The healthcare industry, always able to weather downturns, is a huge part of our economy, forecasted to reach 19.4 perrcent of the GDP by 2027. Well, maybe…those estimates are likely to change due to COVID-19. Healthcare lost 43,000 jobs in March, and another 1.4 million in April, with most of those job losses concentrated in ambulatory care, dentist’s offices and doctor’s offices. All of this is so hard to wrap your head around and comprehend the shock of what actually happened. The trickle-down effect of the entire supply chain was impacted.
Ultimately, in May things started to turn around. Job gains in May were in outpatient care centers with 10,800 jobs added, up 1.2 percent, and medical and diagnostic laboratories with 400 new jobs, a 0.16 percent increase. The increase for outpatient centers is expected as states begin to lift stay-at-home restrictions and health systems restarted elective procedures. Nursing and residential care facilities lost 37,000 jobs in May, and community care facilities for the elderly lost 8,300 jobs. Hospitals continue to see job losses (27,000 jobs in May) after losing nearly 135,000 jobs in April. It’s just hard to watch.

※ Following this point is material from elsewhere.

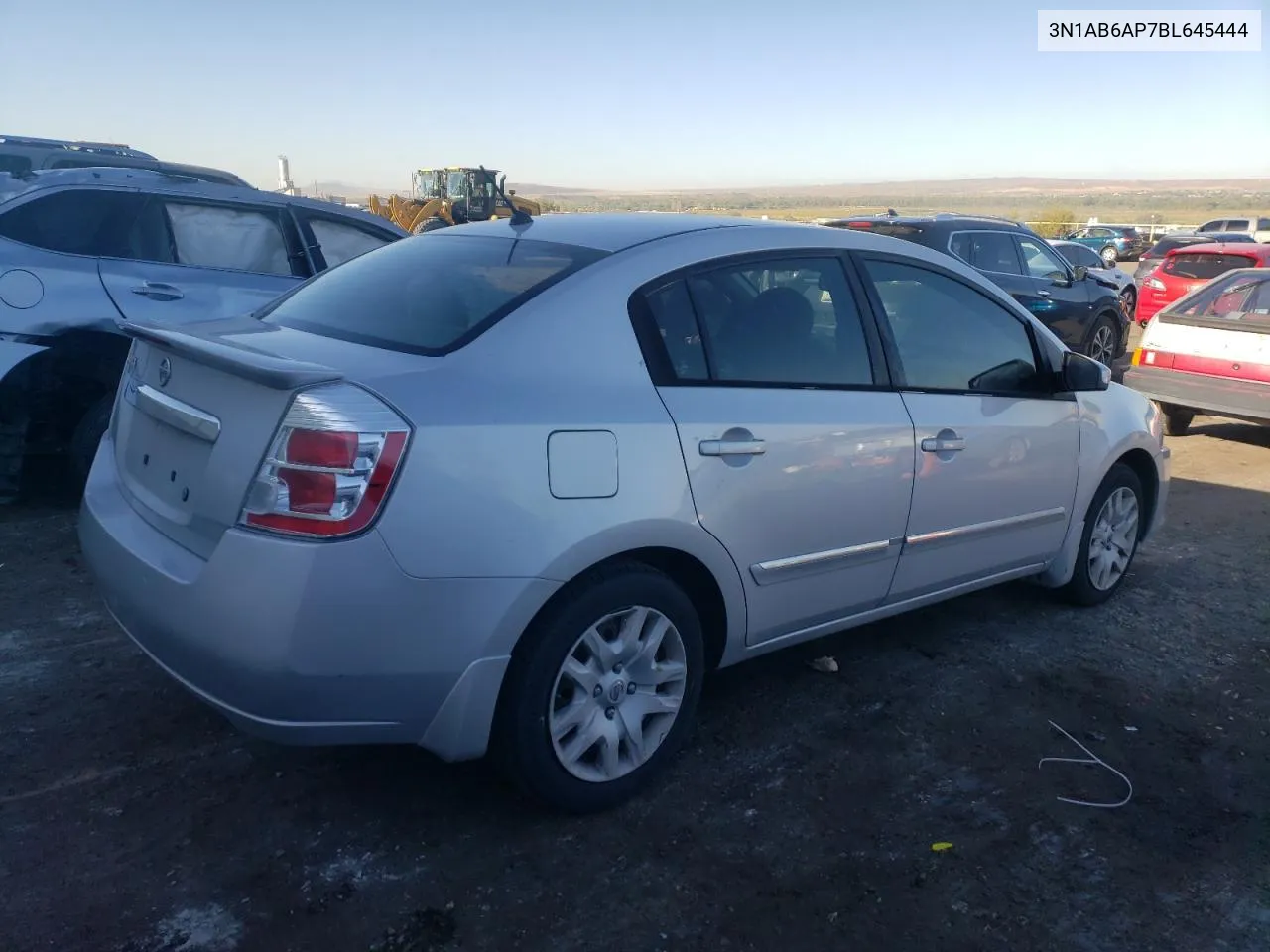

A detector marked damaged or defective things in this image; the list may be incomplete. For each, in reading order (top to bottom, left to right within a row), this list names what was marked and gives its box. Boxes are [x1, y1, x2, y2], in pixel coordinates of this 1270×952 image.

We received calls from physicians, IT leaders, informaticists, clinicians and a number of executives across the sector, as all were impacted. Many just wanted someone to talk to and get another perspective and to find hope. We listened and we talked—but mostly listened. It was good for them and good for us to have conversations and compare notes. I found it therapeutic to talk with clients and candidates, and none of those conversations were about business. We were trying to become a sounding board for them. It was an amazing and fulfilling experience to share, and to encourage our fellow colleagues. We are still having those conversations as we head into the third quarter of 2020. It’s getting better.
Things are looking more optimistic overall and there is some upside to celebrate. Telemedicine is likely here to stay, and it should have been used more broadly anyway to save time, money and the aggravation of traveling to see your doctor. Hospitals are now sharing more information with one another, and consumer information regarding COVID-19 and the most recent statistics can be found all over the Internet. This will help everyone.
We will persevere as we always do, but there are a lot of things we will never take for granted any longer. I hope we have learned from COVID-19. I know I will.